Viacom argued that YouTube does not do enough to protect rights holders, but Levine countered that determining ownership is not its responsibility, but that of the rights holder.

He cited the Digital Millennium Copyright Act (DMCA), which protects service providers, adding, "In this case, it was made even harder by Viacom’s own practices."

Levine alleged that both before and after the complaint was launched, Viacom workers leaked videos to YouTube with the blessing of their employer.

"For years, Viacom continuously and secretly uploaded its content to YouTube, even while publicly complaining about its presence [there]," Levine wrote.

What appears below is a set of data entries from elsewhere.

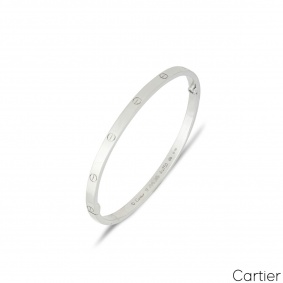 Cartier White Gold Plain Love Bracelet SM Size 17 B6047417 Cartier White Gold Plain Love Bracelet SM Size 17 B6047417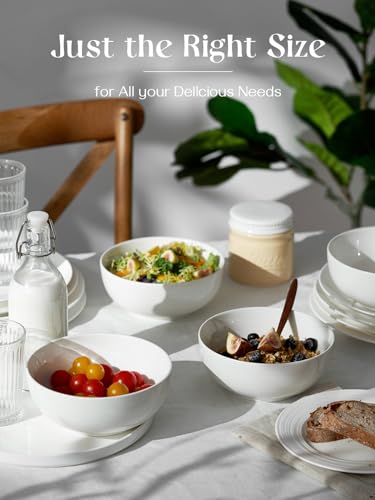 DOWAN 39 OZ Soft White Ceramic Soup & Pasta Bowls Set of 4 - Deep Noodle & Salad Bowls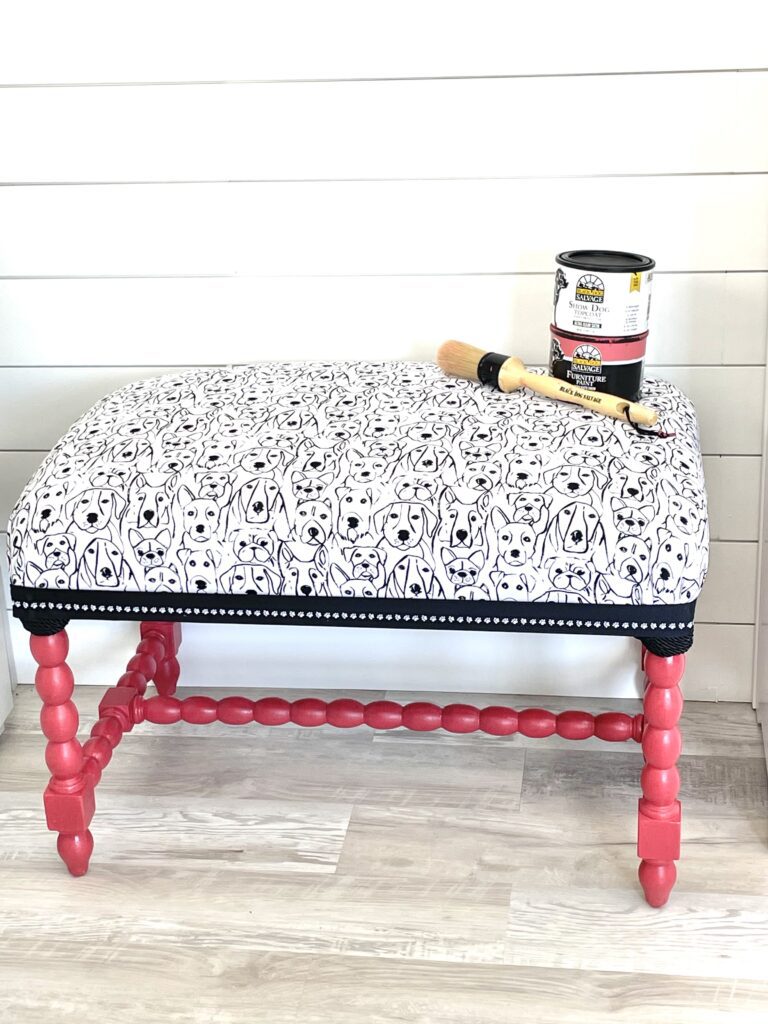 Ottoman furniture makeover using Black Dog Salvage paint
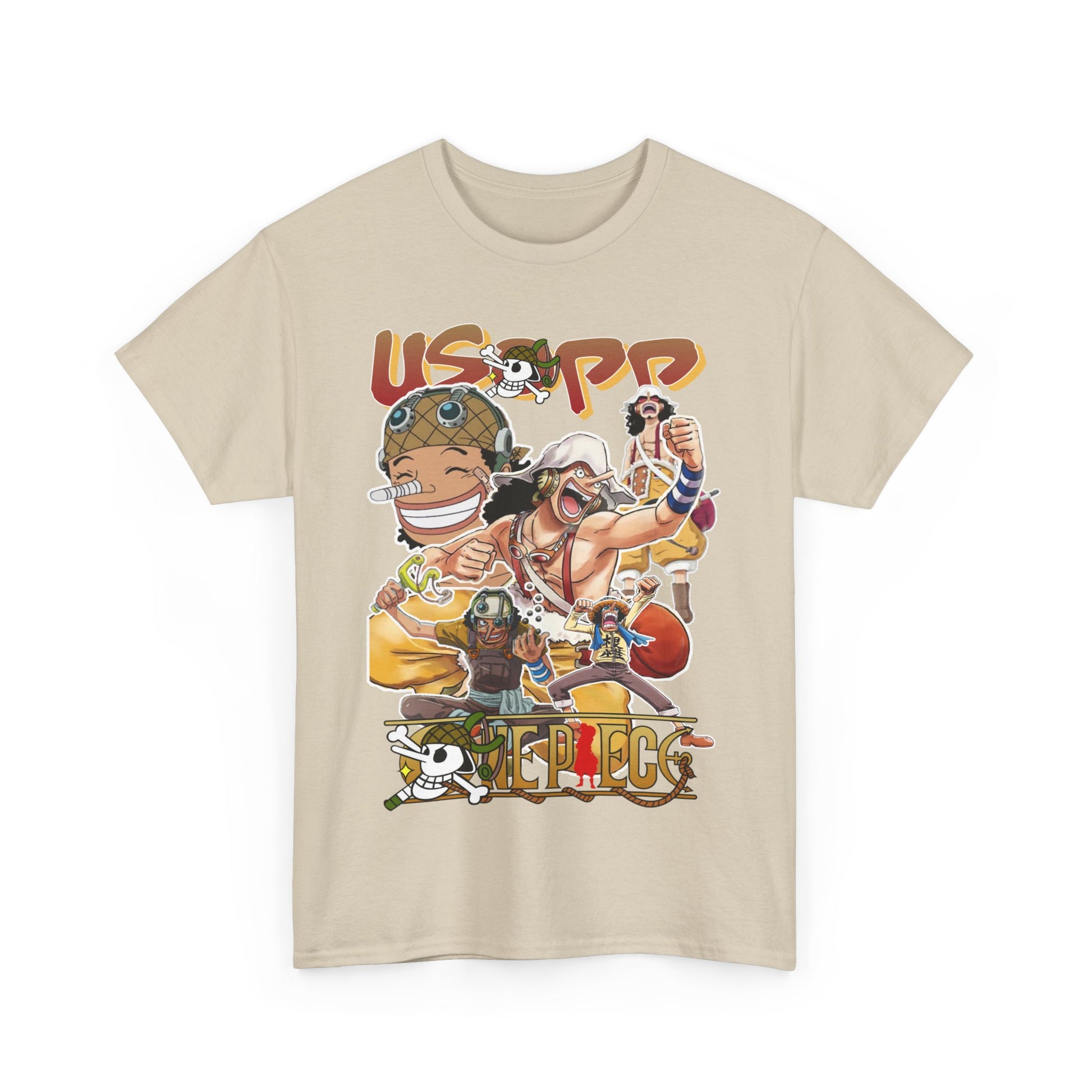 Luxurious anime-inspired Usopp t-shirt featuring a vibrant collage of beloved characters exuding a fun and trendy aesthetic.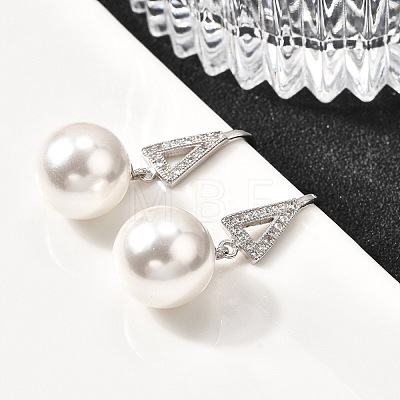925 Sterling Silver Clear Cubic Zirconia Triangle with Round Dangle Stud Earrings EJEW-L300-02P-1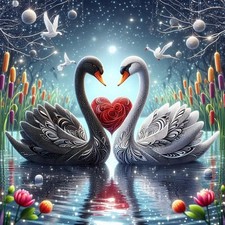 Swan Diamond Art Kits for Adults,Round Full Drill 5D Diamond Painting Kits for C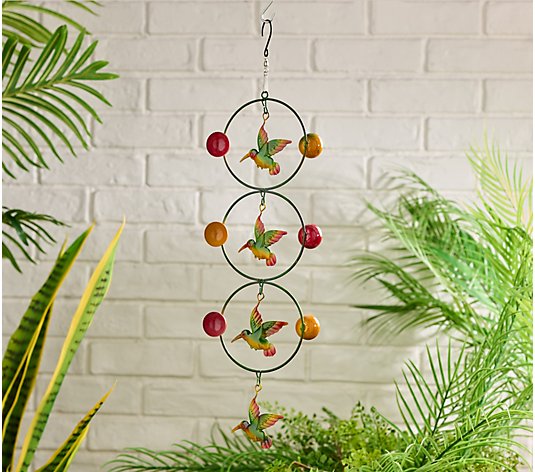 Plow & Hearth 23" Hanging Metal Twirler with Garden Critter Icons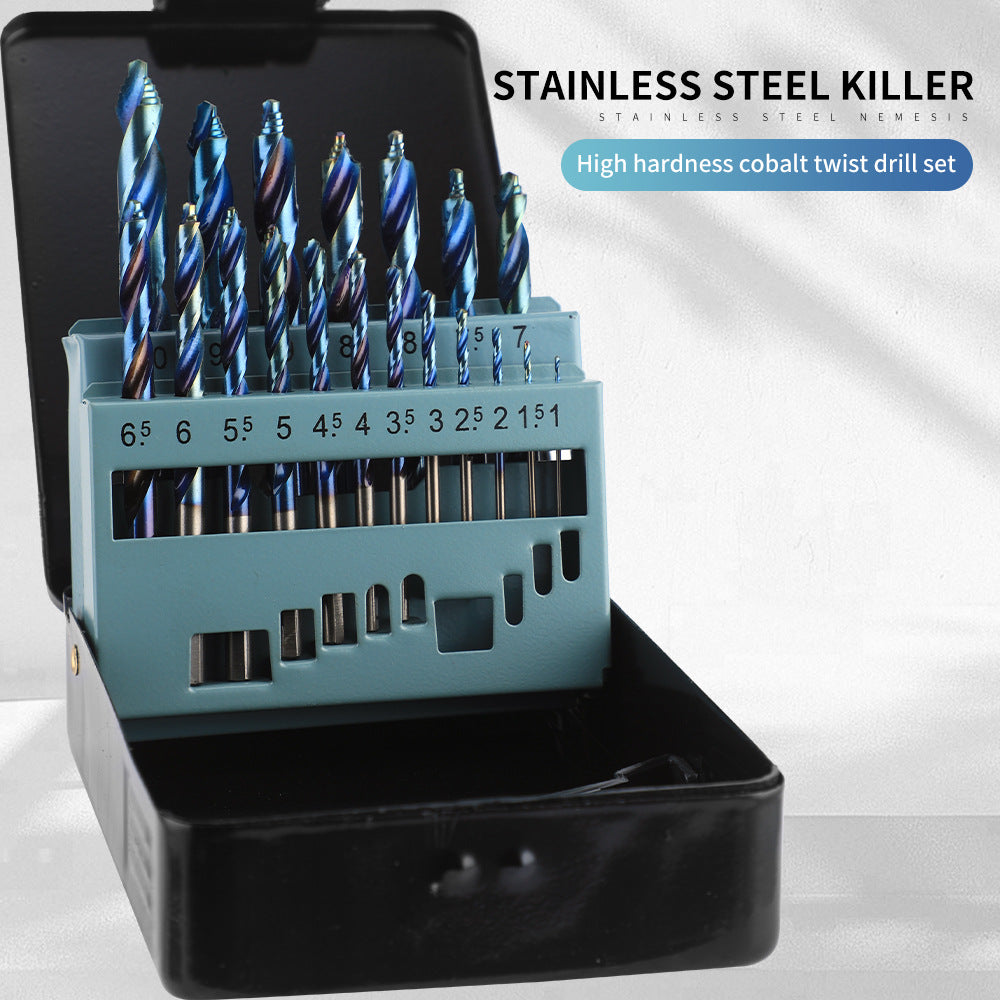 Blue Plated Step Diamond19Set of Ultra-Hard Straight Shank Step Drills for Aluminum Alloy Doors, Windows, Curtains, and Sliding Doors, Secondary and Primary Drills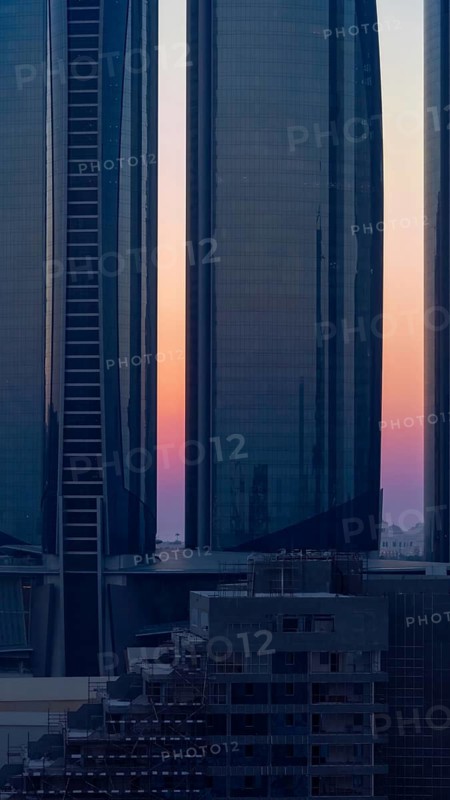 UAE, United Arab Emirates, Abu Dhabi downtown panorama and financial center skyline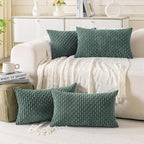 Set of 4 Teal Green Decorative Throw Pillow Covers 16x16 Inch Corduroy Pillow - Image 7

He alleged that Viacom hired no fewer than 18 different marketing agencies to upload its content to the site, deliberately "roughing up" the videos to make them look stolen or leaked.

According to the post, "Viacom opened YouTube accounts using phoney email addresses. It even sent employees to Kinko's to upload clips from computers that couldn't be traced to Viacom."

This range and wealth of uploads even confused Viacom itself, according to Levine, who said that often YouTube would be contacted by the firm to remove video clips, only to be asked to republish them at a later date.

"On countless occasions Viacom demanded the removal of clips that it had uploaded to YouTube, only to return later to sheepishly ask for their reinstatement. In fact, some of the very clips that Viacom is suing us over were actually uploaded by Viacom itself," he explained.

Released court documents also show that the firm insisted that clips were kept livebecause they were helping their ratings.

In February 2007, Viacom approached YouTube and demanded that a large number of its videos be removed, which the latter did the following day. Following  this, Viacom turned to litigation, demanding US$1bn in reparations.

The legal case is expected to finish this winter.